■ **Material shown**
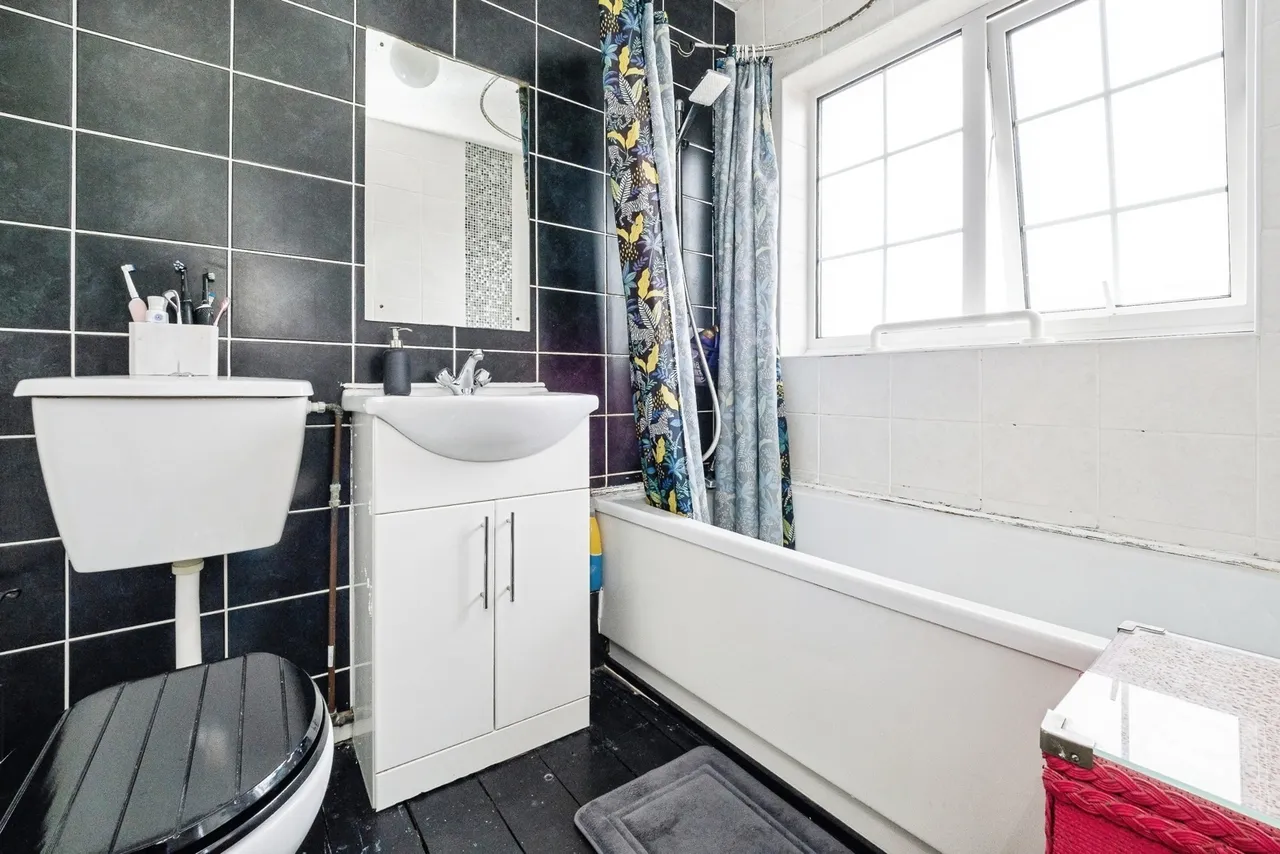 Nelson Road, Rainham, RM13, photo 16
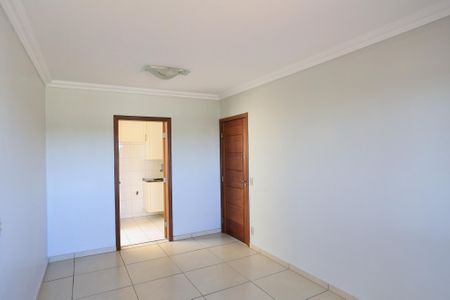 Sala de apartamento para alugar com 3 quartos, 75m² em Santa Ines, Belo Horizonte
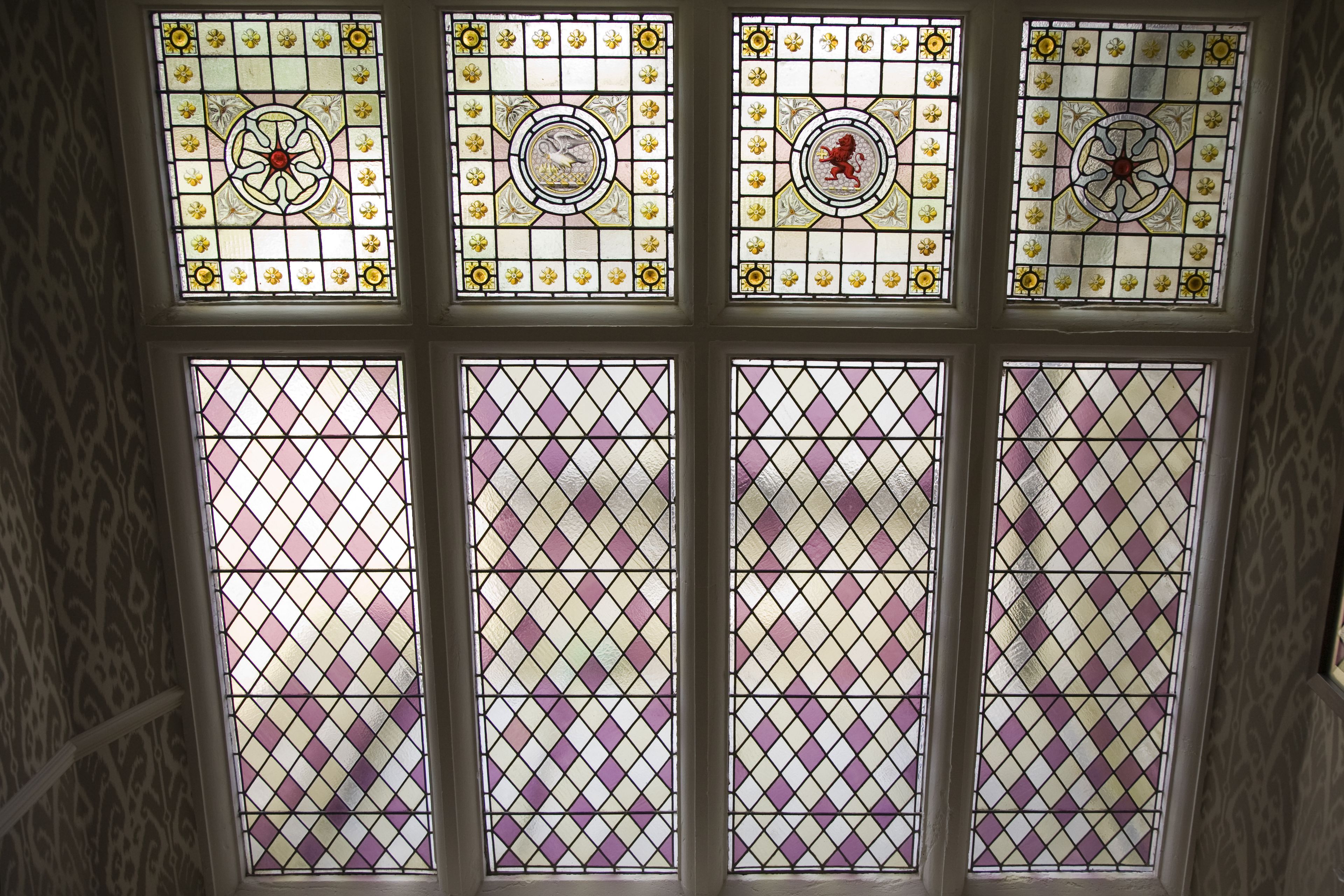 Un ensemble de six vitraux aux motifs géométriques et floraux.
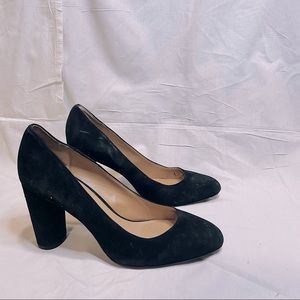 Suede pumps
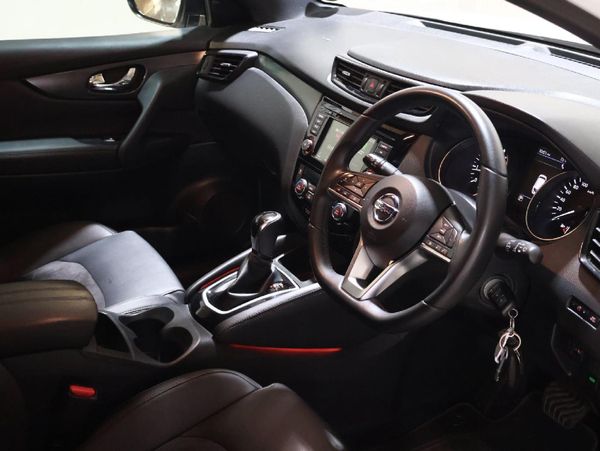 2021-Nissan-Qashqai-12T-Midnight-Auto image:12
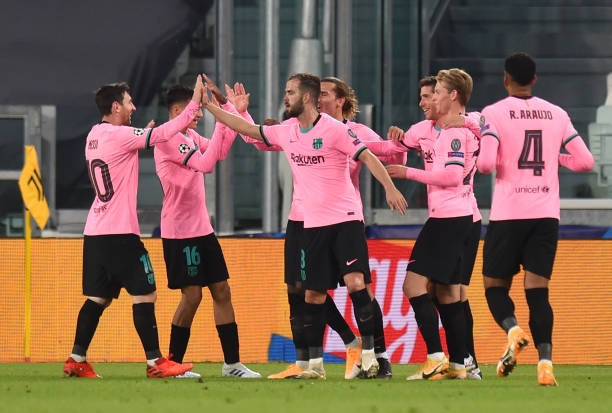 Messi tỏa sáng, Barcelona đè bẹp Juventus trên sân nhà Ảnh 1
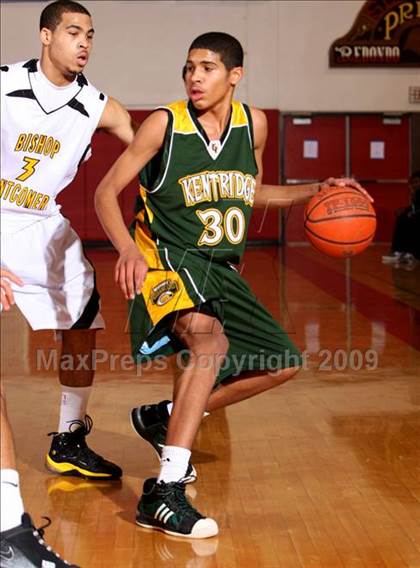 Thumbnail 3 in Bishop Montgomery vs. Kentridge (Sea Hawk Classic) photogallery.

■ **What you need to do**
Beginning with the line that contains "Un ensemble de" and ending with the final line of the entries, every line must be copied exactly; the pictures must not.

■ **Answer to the exercise**
 Un ensemble de six vitraux aux motifs géométriques et floraux.
 Suede pumps
 2021-Nissan-Qashqai-12T-Midnight-Auto image:12
 Messi tỏa sáng, Barcelona đè bẹp Juventus trên sân nhà Ảnh 1
 Thumbnail 3 in Bishop Montgomery vs. Kentridge (Sea Hawk Classic) photogallery.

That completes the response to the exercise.